Referring to negotiations while he was Brexit secretary, he said: “What was clear to me in Dublin was that, politically, they were taking a very firm line on a deadline.

“The Irish Government took such a trenchant line on the backstop, such a very political line.

“We probably need to work with our Irish friends and partners in a way that not only deals with the practical operational issues, but is politically acceptable to them.

“They are in a very difficult position now because of the particularly strong political position that was taken by the Taoiseach.”

He also claimed that some representatives in Dublin, Northern Ireland and in the European Commission saw the border issue as an opportunity to control the UK after Brexit.

“It was reported to me through diplomats that there were voices to that effect,” he said.

He added that it was possible that a “big part” of the problem surrounding the negotiations was that some people in Ireland and the EU do not believe Brexit will happen.

Lady Sylvia Hermon, MP for North Down, asked whether Mr Raab had read the Belfast Agreement.

He replied: “I haven’t sat down and read it from the beginning. At various points of negotiations it was important to delve in and read parts.

“It’s not like a novel where you sit down and think it’s a cracking read.”

Democratic Unionist MP Ian Paisley Jr raised comments made by Taoiseach Leo Varadkar last week after he suggested that soldiers could return to the border if Brexit goes badly wrong.

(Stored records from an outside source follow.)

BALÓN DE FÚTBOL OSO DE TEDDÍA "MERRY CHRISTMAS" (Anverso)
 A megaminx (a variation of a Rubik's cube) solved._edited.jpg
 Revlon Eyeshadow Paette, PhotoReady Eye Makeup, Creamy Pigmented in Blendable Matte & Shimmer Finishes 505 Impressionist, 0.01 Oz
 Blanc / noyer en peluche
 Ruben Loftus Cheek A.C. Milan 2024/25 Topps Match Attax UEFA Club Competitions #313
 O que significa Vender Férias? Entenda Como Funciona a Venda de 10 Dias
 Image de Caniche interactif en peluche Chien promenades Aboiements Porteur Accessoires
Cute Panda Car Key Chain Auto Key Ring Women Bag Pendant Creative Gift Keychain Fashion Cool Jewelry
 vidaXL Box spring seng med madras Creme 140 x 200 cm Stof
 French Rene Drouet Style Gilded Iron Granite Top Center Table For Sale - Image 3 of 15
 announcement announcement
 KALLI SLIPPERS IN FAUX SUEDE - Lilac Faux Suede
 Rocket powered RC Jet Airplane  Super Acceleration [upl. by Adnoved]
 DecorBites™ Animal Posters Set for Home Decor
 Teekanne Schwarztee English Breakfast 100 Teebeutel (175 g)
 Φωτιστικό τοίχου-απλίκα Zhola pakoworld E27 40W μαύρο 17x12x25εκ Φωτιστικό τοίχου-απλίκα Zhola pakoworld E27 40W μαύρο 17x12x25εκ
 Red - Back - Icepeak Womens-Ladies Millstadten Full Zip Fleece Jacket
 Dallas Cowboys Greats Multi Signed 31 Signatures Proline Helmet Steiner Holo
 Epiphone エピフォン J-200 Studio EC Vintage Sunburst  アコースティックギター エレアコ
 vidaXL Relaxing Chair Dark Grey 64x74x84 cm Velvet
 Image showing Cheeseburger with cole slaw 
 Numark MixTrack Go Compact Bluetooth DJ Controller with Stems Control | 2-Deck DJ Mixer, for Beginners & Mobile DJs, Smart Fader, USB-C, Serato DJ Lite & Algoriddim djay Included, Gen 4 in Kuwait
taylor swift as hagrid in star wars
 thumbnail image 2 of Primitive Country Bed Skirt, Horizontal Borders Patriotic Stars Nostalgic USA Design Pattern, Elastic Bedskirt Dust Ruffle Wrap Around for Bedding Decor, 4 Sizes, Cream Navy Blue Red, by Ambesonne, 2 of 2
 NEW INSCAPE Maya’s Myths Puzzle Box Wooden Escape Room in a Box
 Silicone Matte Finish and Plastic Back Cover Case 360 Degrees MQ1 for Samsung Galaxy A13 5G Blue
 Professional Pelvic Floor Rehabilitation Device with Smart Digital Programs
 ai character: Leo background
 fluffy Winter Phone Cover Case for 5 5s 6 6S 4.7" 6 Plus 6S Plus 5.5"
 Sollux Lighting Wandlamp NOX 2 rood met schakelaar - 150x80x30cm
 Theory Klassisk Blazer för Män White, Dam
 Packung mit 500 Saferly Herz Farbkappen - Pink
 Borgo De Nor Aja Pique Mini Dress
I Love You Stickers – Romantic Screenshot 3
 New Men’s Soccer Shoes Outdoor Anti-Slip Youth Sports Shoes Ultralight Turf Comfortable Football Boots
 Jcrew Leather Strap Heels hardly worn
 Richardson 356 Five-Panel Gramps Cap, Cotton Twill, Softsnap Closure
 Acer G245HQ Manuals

Mr Raab,  who stepped down as Brexit secretary last year, said he was “surprised” by the political approach from Dublin, and added: “We want to retain a strong relationship with our Irish partners. You could argue they have the most to lose.

“Some of that language has courted the very thing they want to avoid.”

Mr Paisley’s DUP colleague Gregory Campbell questioned whether the Irish Government or the EU discussed what a hard border would look like during the Brexit negotiations.

Mr Raab said a hard border, in terms of infrastructure or customs, was not raised but added that the troubles of the past “were never far from our concerns”.

He told the committee that he made it clear to Brussels’ chief Brexit negotiator Michel Barnier that the UK Government would not countenance a return to the hard border.

He added: “I toured the border (last year) with the PSNI and looked at the police stations and the border and got a sense of what it looked like in practice and it’s beautiful, with rolling hills.”

When asked by British Labour MP Conor McGinn, who is originally from south Armagh, why he did not stop to talk to people who lived in the border, Mr Raab said he was advised not to in order to “avoid a political scrum”.